Doha Ait Ahmed doesn’t set small goals. She has dedicated her life to helping those at the margins fulfil their dreams and bridging cultural gaps in the Middle East. And now, she’s pursuing her greatest ambition yet — connecting children with clefts in her native country with free treatment from qualified local professionals as Smile Train’s first Programs Manager for Morocco.
Doha’s journey to Smile Train began in 2001 when she was charged with helping US Peace Corps volunteers better understand life in Morocco. She stopped at nothing to accomplish this task, including serving as teacher, homestay coordinator, health liaison, and cross-cultural training coordinator.
After seven years with the Peace Corps, she took her skills to AMIDEAST, a leading American nonprofit engaged in international education, training, and development activities in the Middle East and North Africa.
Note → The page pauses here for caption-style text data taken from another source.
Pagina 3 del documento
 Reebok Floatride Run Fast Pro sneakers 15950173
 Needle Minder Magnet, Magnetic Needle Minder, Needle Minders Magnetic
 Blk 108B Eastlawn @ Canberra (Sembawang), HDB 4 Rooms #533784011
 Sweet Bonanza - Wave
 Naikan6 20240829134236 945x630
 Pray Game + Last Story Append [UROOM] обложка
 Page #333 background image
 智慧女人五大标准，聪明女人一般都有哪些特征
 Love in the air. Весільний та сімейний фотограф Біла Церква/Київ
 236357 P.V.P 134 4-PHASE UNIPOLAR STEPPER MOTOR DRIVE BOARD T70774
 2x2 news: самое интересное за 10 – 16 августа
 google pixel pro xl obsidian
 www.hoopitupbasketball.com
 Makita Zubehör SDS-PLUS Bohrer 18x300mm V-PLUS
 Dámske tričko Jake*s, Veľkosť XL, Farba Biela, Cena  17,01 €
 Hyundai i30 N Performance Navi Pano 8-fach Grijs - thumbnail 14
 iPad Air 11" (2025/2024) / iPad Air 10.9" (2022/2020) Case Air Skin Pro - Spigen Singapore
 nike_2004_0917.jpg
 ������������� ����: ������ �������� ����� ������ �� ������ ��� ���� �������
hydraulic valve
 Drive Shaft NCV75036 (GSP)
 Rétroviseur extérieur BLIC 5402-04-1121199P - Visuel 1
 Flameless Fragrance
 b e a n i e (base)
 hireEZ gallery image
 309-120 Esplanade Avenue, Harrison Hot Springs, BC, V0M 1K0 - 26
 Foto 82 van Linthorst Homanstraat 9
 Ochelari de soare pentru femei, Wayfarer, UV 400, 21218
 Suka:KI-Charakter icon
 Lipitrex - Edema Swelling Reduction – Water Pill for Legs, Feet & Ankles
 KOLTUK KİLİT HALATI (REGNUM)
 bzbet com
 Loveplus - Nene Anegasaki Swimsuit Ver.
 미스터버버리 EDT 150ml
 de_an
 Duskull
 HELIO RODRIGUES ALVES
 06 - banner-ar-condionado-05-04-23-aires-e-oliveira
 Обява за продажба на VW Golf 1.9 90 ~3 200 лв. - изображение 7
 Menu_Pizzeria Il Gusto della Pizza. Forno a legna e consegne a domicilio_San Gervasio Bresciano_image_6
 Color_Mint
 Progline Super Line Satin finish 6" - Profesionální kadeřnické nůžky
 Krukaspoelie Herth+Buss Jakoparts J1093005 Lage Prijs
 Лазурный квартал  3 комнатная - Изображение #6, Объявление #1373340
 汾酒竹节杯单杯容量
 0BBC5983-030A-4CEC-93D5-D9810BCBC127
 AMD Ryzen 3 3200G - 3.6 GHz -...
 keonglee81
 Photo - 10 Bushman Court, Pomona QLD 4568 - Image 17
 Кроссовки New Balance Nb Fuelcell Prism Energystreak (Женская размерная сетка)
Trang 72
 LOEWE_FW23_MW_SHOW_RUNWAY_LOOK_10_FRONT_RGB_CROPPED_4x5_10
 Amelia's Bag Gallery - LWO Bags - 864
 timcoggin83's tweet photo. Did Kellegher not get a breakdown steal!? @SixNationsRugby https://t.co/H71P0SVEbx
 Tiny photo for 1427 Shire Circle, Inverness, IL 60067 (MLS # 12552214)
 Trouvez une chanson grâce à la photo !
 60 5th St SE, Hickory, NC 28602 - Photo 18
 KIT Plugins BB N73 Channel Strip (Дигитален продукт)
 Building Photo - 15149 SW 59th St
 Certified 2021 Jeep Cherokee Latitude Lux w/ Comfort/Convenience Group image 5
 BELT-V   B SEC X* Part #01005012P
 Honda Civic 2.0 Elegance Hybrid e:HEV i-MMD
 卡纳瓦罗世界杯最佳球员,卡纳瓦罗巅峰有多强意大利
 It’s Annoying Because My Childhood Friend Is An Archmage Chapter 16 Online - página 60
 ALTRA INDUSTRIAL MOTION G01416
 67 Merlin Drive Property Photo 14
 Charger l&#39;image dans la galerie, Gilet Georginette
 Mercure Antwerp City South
After only a year, she was entrusted with overseeing all aspects of AMIDEAST’s Moroccan programme, where she had the opportunity to personally ensure that each student received the experience that would reward and challenge them the most both academically and socially. She wore many hats in this role and again tailored them all to match her personality. It did not go unnoticed; in 2017, the organisation awarded her the AMIDEAST President’s Superior Performance Award in recognition of her superior dedication and creativity.
Not content to only touch those students who sign up for AMIDEAST, Doha likes to write in her spare time. So far, she’s authored a book for teaching Darija (Moroccan Arabic) and compiled the Wharton Arabic Book for the Lauder Institute Arabic and Culture Program, among many other published works.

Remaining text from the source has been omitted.